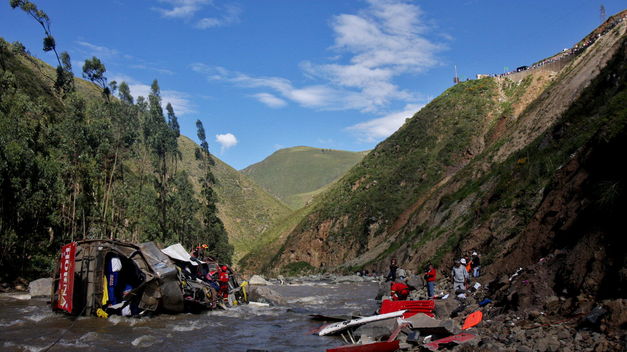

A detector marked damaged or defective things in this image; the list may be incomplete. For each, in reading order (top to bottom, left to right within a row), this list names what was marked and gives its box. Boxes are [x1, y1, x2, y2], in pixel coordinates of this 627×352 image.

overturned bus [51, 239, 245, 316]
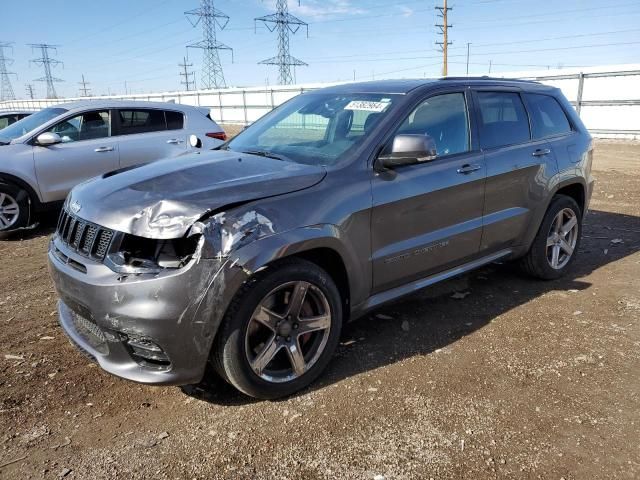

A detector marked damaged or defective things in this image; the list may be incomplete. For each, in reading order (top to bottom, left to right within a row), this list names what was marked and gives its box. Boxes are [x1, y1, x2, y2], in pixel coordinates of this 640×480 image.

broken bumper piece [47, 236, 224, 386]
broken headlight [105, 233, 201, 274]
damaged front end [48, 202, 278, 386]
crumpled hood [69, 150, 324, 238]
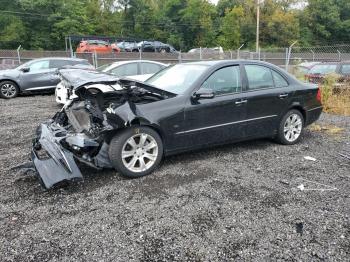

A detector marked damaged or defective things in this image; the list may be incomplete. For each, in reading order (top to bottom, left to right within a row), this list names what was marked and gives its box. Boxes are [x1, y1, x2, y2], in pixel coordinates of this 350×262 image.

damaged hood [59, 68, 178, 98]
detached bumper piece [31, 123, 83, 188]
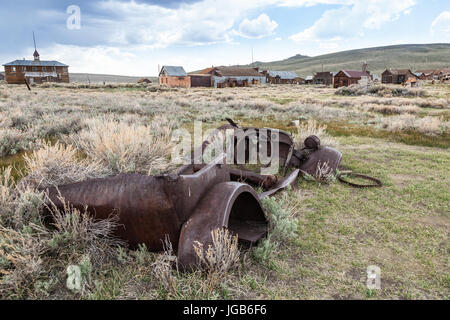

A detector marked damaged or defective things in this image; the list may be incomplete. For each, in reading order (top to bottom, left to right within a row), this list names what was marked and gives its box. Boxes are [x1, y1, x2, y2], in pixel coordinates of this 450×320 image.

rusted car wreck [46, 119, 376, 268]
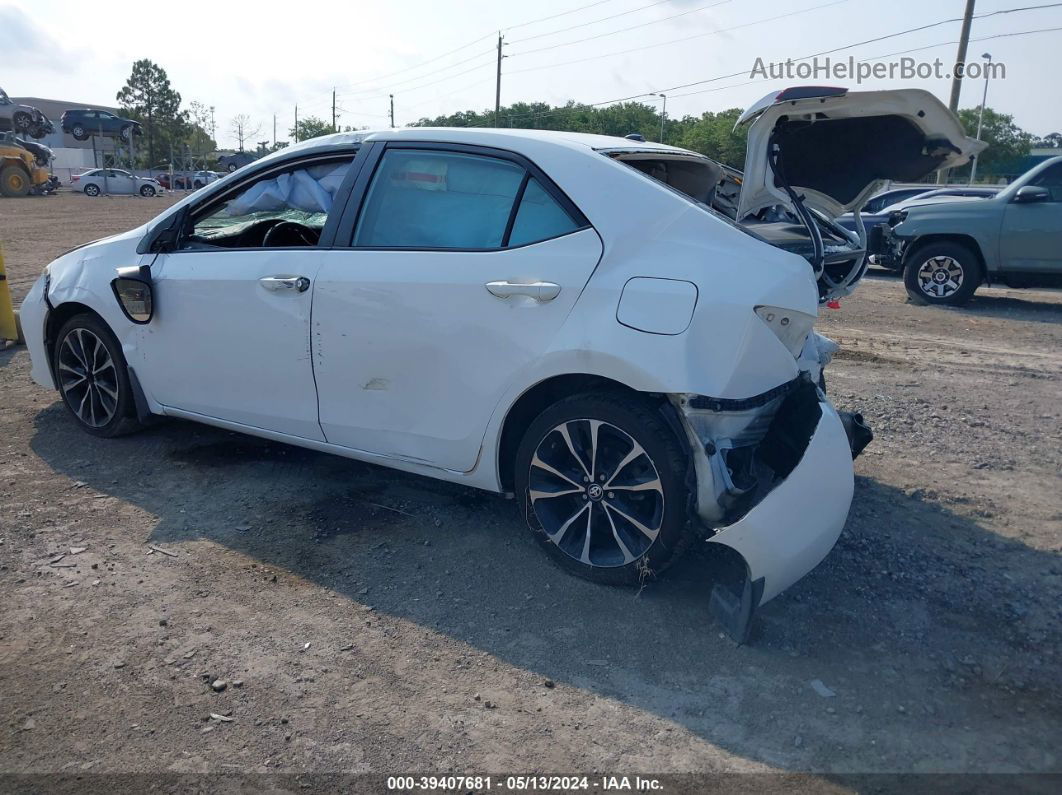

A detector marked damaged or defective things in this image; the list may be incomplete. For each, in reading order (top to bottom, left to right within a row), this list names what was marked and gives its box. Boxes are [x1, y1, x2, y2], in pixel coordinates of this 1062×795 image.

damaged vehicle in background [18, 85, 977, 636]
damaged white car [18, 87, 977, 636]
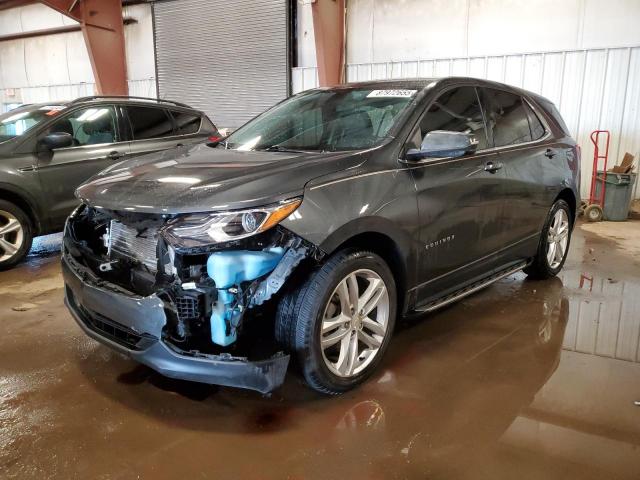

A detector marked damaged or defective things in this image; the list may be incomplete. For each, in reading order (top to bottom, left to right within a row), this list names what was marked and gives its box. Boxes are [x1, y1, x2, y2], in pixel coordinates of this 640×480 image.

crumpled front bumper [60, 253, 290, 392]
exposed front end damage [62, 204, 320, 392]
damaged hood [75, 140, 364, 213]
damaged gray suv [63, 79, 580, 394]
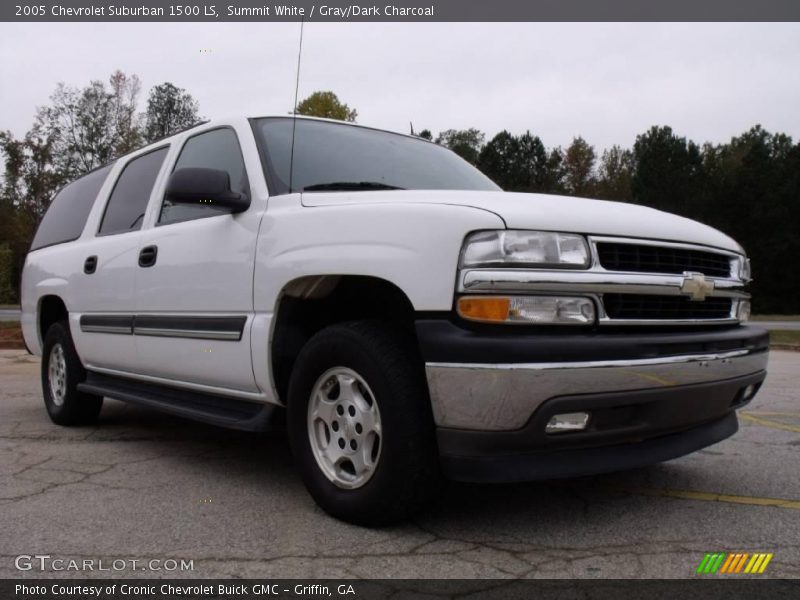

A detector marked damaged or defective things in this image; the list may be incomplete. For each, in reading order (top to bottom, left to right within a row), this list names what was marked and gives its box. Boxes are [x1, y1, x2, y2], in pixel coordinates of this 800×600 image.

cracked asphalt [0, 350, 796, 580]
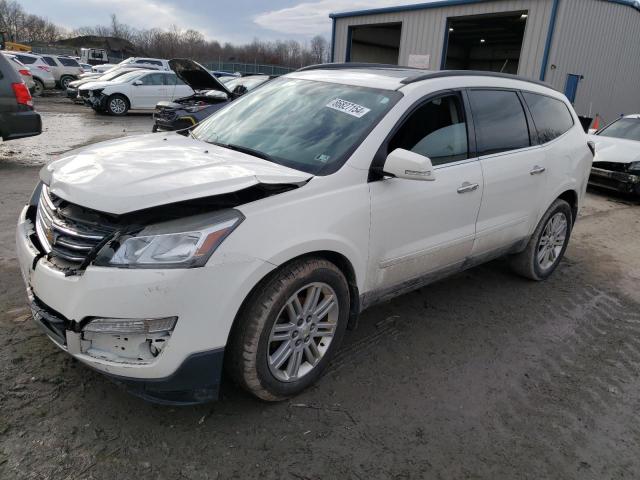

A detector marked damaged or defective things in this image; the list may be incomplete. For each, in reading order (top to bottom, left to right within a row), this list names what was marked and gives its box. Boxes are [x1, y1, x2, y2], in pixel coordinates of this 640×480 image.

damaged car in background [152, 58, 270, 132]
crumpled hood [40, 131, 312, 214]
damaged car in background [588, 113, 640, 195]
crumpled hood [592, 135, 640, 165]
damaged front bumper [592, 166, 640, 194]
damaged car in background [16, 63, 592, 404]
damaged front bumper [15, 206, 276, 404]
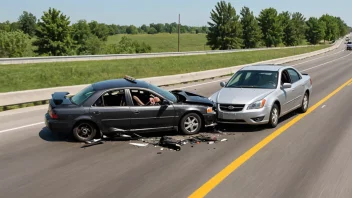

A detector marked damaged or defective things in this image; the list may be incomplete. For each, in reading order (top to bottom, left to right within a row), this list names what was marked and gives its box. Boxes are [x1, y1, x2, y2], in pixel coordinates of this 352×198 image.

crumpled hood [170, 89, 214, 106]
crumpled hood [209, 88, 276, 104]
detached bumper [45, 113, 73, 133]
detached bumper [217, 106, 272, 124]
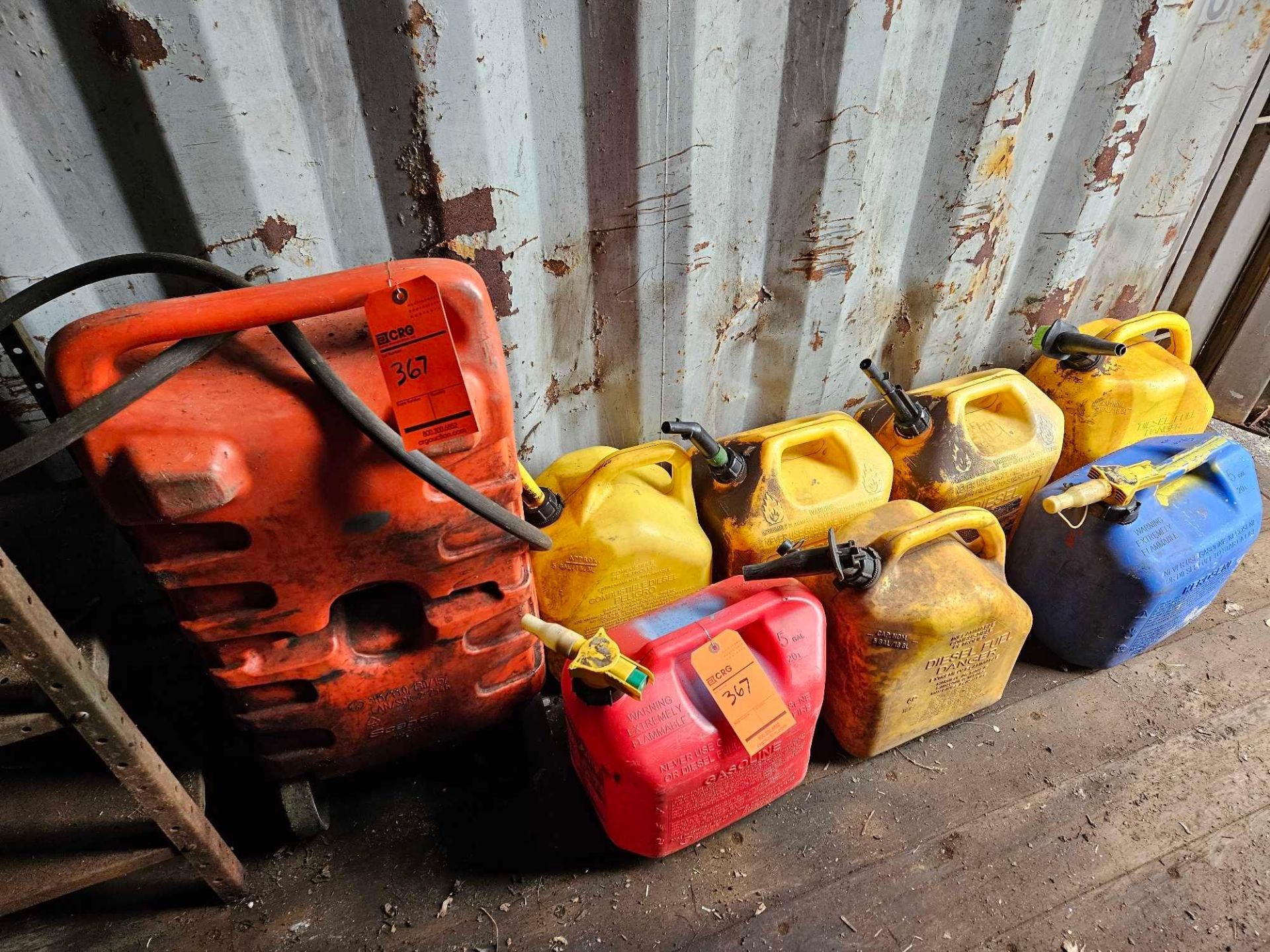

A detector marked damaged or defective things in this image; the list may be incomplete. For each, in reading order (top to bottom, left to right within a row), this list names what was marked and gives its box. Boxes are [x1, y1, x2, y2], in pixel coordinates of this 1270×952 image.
▬▬▬▬▬▬
» **To do**: Copy every record exactly as it appears, apart from any pictures.

» **Answer box**:
A detector marked damaged or defective things in this image; the list may be incomplete. For each, in reading order (top to bottom, left to right within a row), this list names what was marked and gives its box. Boxes are [x1, y1, x2, y2], in pixel coordinates of this 627×352 image.

overturned bus [51, 239, 245, 316]

A detector marked damaged or defective things in this image; the list may be incomplete. For each, in reading order (top to bottom, left to right within a row), this list names what was marked and gives its box. Boxes are [x1, y1, x2, y2], in pixel coordinates of this 640×480 image.

broken bumper piece [47, 236, 224, 386]
broken headlight [105, 233, 201, 274]
damaged front end [48, 202, 278, 386]
crumpled hood [69, 150, 324, 238]

A detector marked damaged or defective things in this image; the list may be incomplete. For each, in reading order (top to bottom, left to right within a row), this list names what was marked and gives its box. Boxes are [x1, y1, x2, y2], in pixel coordinates of this 350×262 image.

damaged hood [59, 68, 178, 98]
detached bumper piece [31, 123, 83, 188]

A detector marked damaged or defective things in this image; the list may be incomplete. For each, in reading order (top to bottom, left to right within a row), this list names what was marked and gives its box. Boxes are [x1, y1, x2, y2], in pixel coordinates of this 450×320 image.

rusted car wreck [46, 119, 376, 268]

A detector marked damaged or defective things in this image; the list may be incomplete. For each, in reading order (top to bottom, left to right within a row), this list names what was marked and gives its box. Boxes are [x1, y1, x2, y2], in pixel coordinates of this 1062×795 image.

damaged vehicle in background [18, 85, 977, 636]
damaged white car [18, 87, 977, 636]

A detector marked damaged or defective things in this image; the list may be incomplete. For each, in reading order (top to bottom, left to right within a row), this list names what was marked and gives its box. Boxes are [x1, y1, x2, y2], in pixel coordinates of this 640×480 image.

crumpled front bumper [60, 253, 290, 392]
exposed front end damage [62, 204, 320, 392]
damaged hood [75, 140, 364, 213]
damaged gray suv [63, 79, 580, 394]

A detector marked damaged or defective things in this image; the list may be incomplete. For each, in reading order (top to bottom, left to right within a row), this list names what was marked and gives its box. Boxes are [x1, y1, x2, y2], in pixel coordinates of this 800×600 image.

cracked asphalt [0, 350, 796, 580]

A detector marked damaged or defective things in this image; the list may be incomplete. For each, in reading order (top to bottom, left to right within a row), this list names what was marked and gives its box. Boxes are [x1, y1, x2, y2], in pixel coordinates of this 640×480 image.

damaged car in background [152, 58, 270, 132]
crumpled hood [40, 131, 312, 214]
damaged car in background [588, 113, 640, 195]
crumpled hood [592, 135, 640, 165]
damaged front bumper [592, 166, 640, 194]
damaged car in background [16, 63, 592, 404]
damaged front bumper [15, 206, 276, 404]

A detector marked damaged or defective things in this image; the list may be incomplete. For each, in reading order (top to bottom, left to right within a row), this list names what was marked and gives its box. Boxes are [x1, y1, x2, y2], in pixel coordinates of this 352×198 image.

crumpled hood [170, 89, 214, 106]
crumpled hood [209, 88, 276, 104]
detached bumper [45, 113, 73, 133]
detached bumper [217, 106, 272, 124]

A detector marked damaged or defective things in this image; the list may be incomplete. For each, in reading order (top to bottom, left to right within a row), this list names what was marked and gives its box. Boxes are [x1, y1, x2, y2], in pixel coordinates of this 1270×952 image.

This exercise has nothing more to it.